Ketua Majelis Kehormatan Mahkamah Konstitusi (MKMK) Jimly Asshiddiqie mengungkapkan hakim konstitusi bisa diberi sanksi pemberhentian jika terbukti melakukan pelanggaran kode etik dan perilaku dalam memeriksa dan memutus Perkara Nomor 90/PUU-XXI/2023. Sanksi tersebut telah diatur dalam Peraturan Mahkamah Konstitusi (PMK) Nomor 1 Tahun 2023. Jimly mengatakan, opsi pemberhentian terdiri atas pemberhentian dengan tidak hormat, pemberhentian dengan hormat, dan pemberhentian bukan sebagai anggota hakim konstitusi, tetapi sebagai ketua.
Selain itu, ada dua opsi sanksi lain yaitu peringatan dan teguran. Sanksi peringatan tidak diuraikan secara rinci, namun variasinya bisa banyak, yakni bisa berupa peringatan biasa, peringatan keras, dan peringatan sangat keras. “Itu tidak ditentukan di dalam PMK, tapi variasinya mungkin dilakukan,” sambung Jimly. Kemudian terkait opsi teguran, itu terdiri atas teguran tertulis dan teguran lisan. Dia mencontohkan, teguran disampaikan secara lisan bersamaan dengan penyampaian putusan sehingga tidak lagi memerlukan surat khusus secara tertulis.

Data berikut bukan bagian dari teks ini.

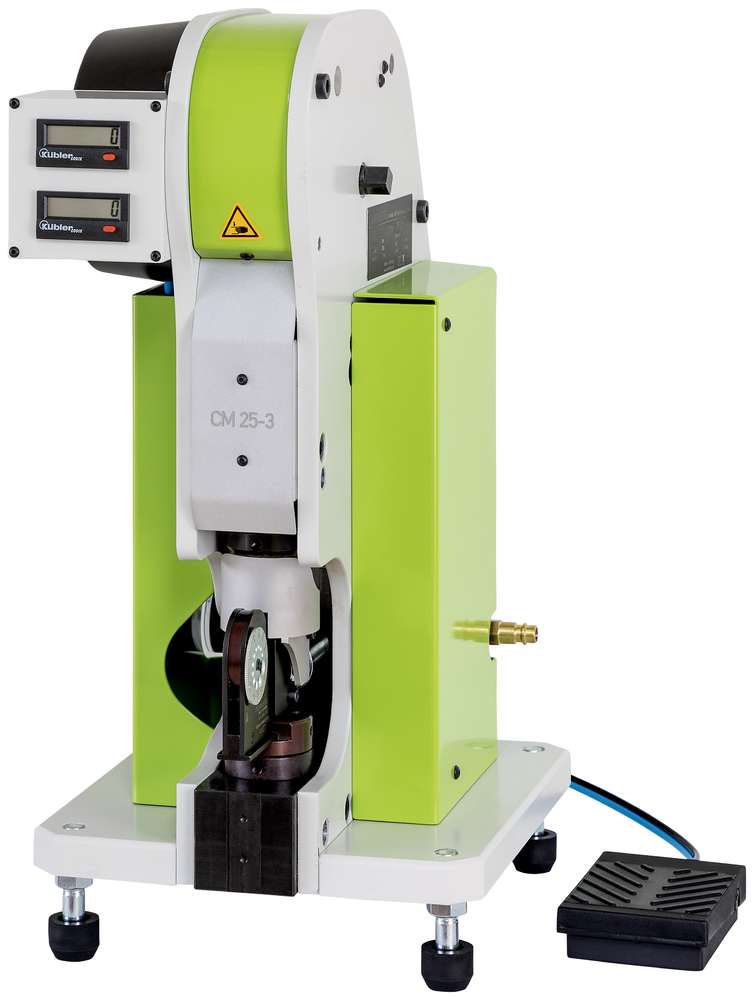 Crimpmaschine CM 25-3 mit Aderendhülsencrimpeinheit, 0,08 - 6,0 mm² / AWG 28-10 Crimpmaschine CM 25-3 mit Aderendhülsencrimpeinheit, 0,08 - 6,0 mm² / AWG 28-10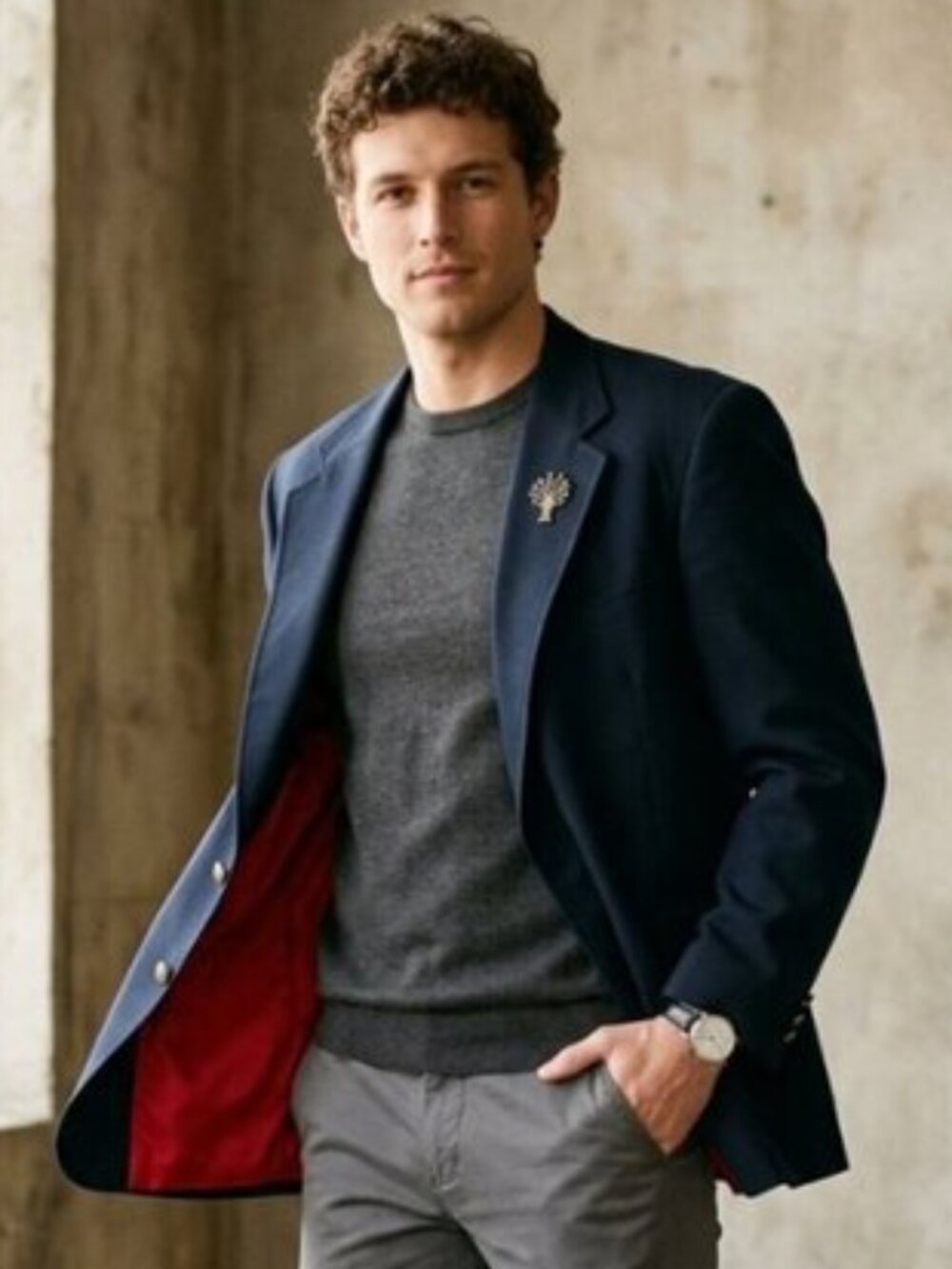 Pendleton Blazer pure virgin wool size 44 navy blue quiet luxury USA vintage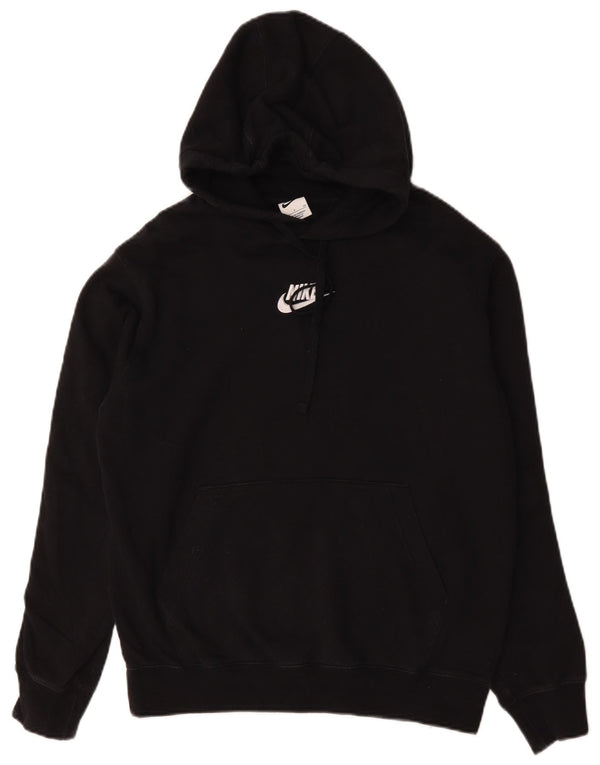 Nike grafisk hættetrøje til mænd, lille sort Colourblock Bomuld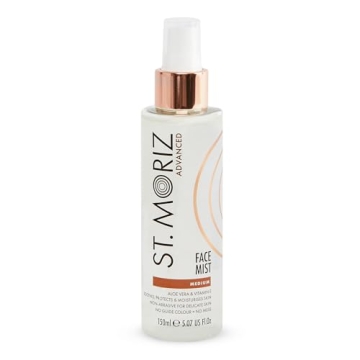 St. Moriz Advanced Self Tanner Face Mist, Sunless Tanning Spray - Quick Tan Clear Bronzing Spray wit...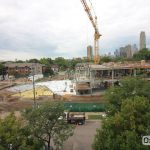 Hagfors Center construction site August 19, 2016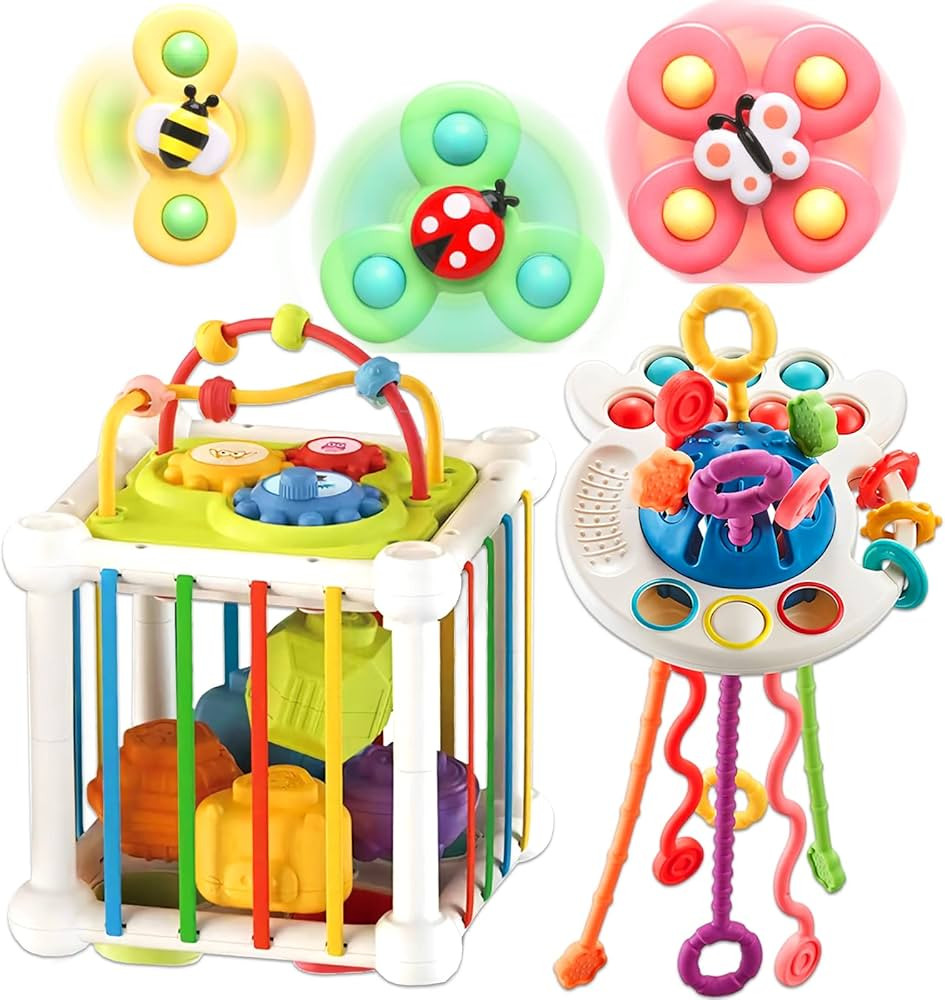 AZEN Baby Toys 6 to 12 Months, Toddler Toys Age 1-2, Sensory Toys for Toddlers 1-3, Shape Sorter ... | Amazon (US)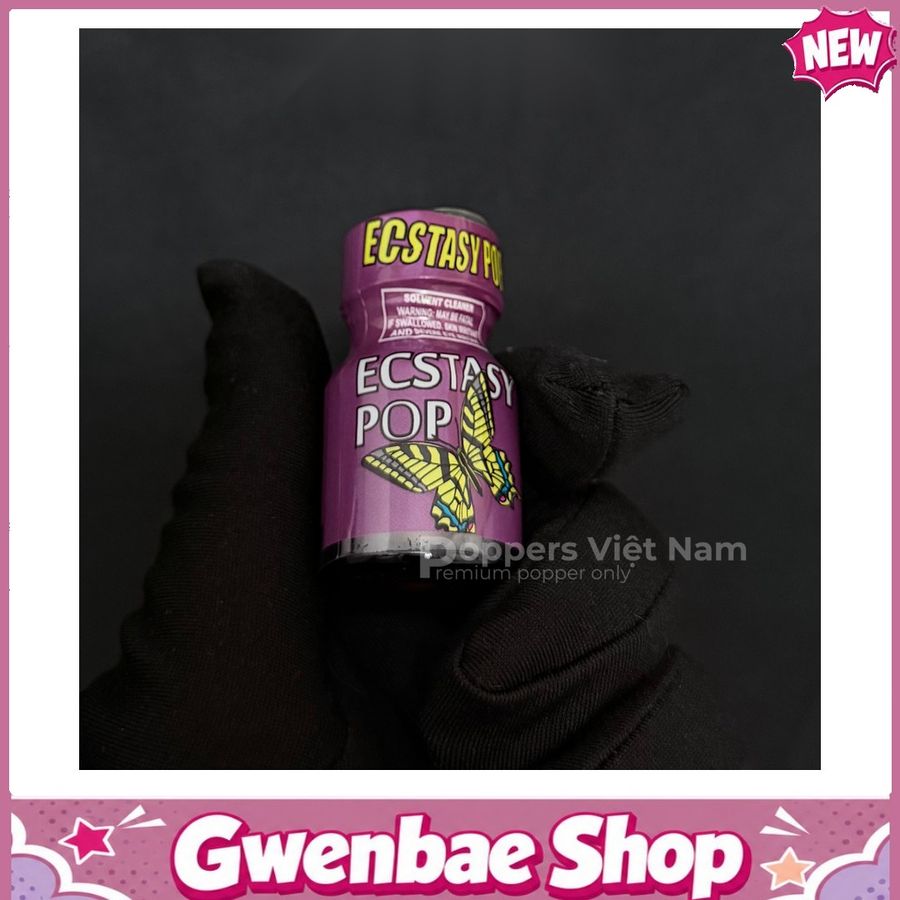 Chai Hít Cực Mạnh Lên Đỉnh Nhanh Popper Ecstasy Pop 10ml - Gwenshop Chính Hãng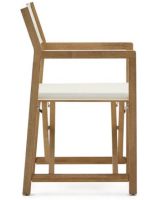 FACES Folding director's chair with armrests in solid acacia wood and fabric choice of color suitable for outdoor use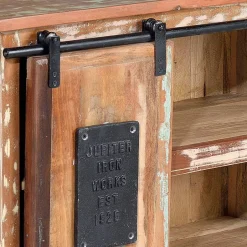 Wohnen Altholz TV Board mit zwei Schiebetüren - Jevilia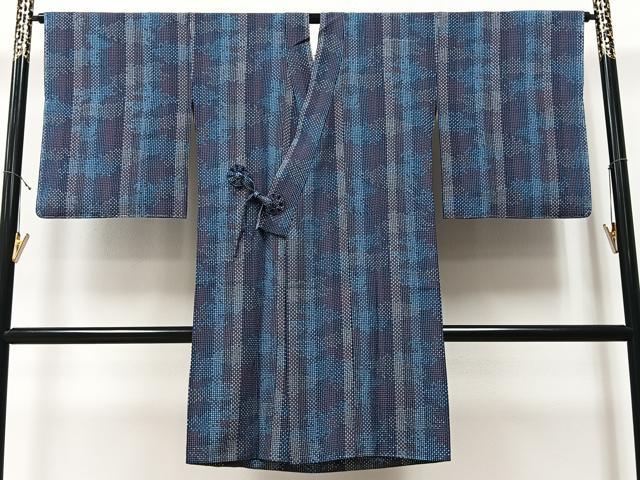 平和屋着物＃道中着　霞間道　ロング丈　正絹　逸品　CAAV5873id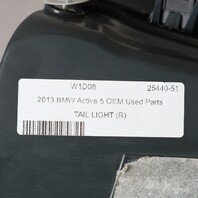 2011-2013 BMW 528i 535i 550i M5 F10 Right Tail Light 63217203232 OEM Used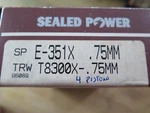 Engine Ring Set Sealed Power E-351X .75MM For 4 Pistons Only (3A1-2). Fixed Price $29.00.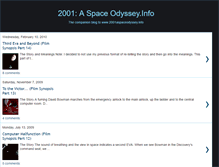 Tablet Screenshot of 2001aspaceodysseyinfo.blogspot.com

Namun, ia menambahkan, apabila para hakim konstitusi tidak terbukti melakukan pelanggaran sebagaimana yang dilaporkan, mereka akan direhabilitasi.
Jimly mengatakan pihaknya tengah mengusut laporan masyarakat yang diterima. MKMK diketahui tengah memeriksa para pelapor dan sembilan hakim konstitusi. MKMK telah memeriksa tiga hakim terlapor pada Selasa petang, yakni Anwar Usman, Arief Hidayat, dan Enny Nurbaningsih. Kemudian, dijadwalkan akan memeriksa Saldi Isra, Manahan M.P. Sitompul, dan Suhartoyo pada hari ini, Rabu (1/11).